PIX - Deny outbound traffic - Cabling-Design.com Forums

All of my PIX's allow all outbound traffic as this is the out of box configuration. I do a basic setup as follows when I need to allow inbound:

access-list outside_access_in permit tcp any interface outside eq XXXX ..again.. ..again.. ..etc.. access-group outside_access_in in interface outside

(NOTE: I don't always permit from any host or permit to the interface, I may do host to host, etc)

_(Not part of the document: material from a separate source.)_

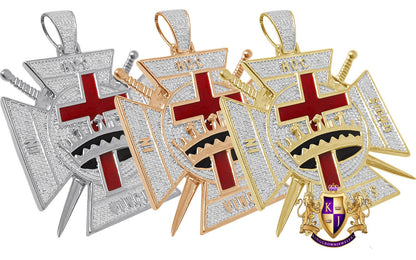 Men's Real Genuine Diamond 23 + Grams 10K Gold Over Enamel Knights Templar Masonic Exclusive Custom Charm Pendent 2.25''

Anyway. This lets me allow ports I need, (80, 443, 3899, whatever). But it allows everything outbound. I want to know the proper way to accomplish 2 goals:

1) Keeping my allowed inbound access, Deny ALL outboudn access, Specify the outbound ports to allow 2) Keeping my allowed inbounc access, Specify the outbound ports to block, Allow all other outbound ports

In article , ESM wrote: :All of my PIX's allow all outbound traffic as this is the out of box :configuration.

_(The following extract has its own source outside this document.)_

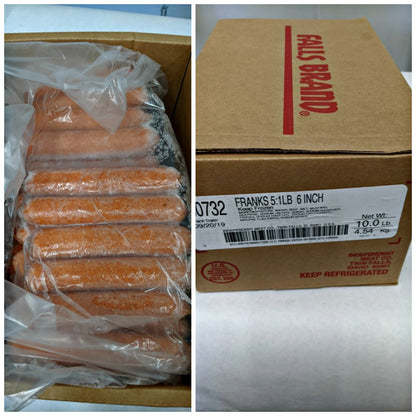 10 lb Case of 5:1 Beef and Pork Hot dogs, Falls Brand Independent Meat Co, Twin Falls, ID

:I want to know the proper way to accomplish 2 :goals:

:1) Keeping my allowed inbound access, Deny ALL outboudn access, Specify the :outbound ports to allow :2) Keeping my allowed inbounc access, Specify the outbound ports to block, :Allow all other outbound ports

Create an access-list and access-group ACLNAME in interface inside For effect #2, end it with 'permit ACLNAME ip any any'; for effect #1, don't.

Note: you cannot deny all outbound access and then specify ports to allow out: ACLs are processed from top to bottom and the first match is the overall result. Just rely on the fact that everything you do not permit will be blocked if you have any ACL on the interface. The "allow everything outbound" default only applies if there is no ACL.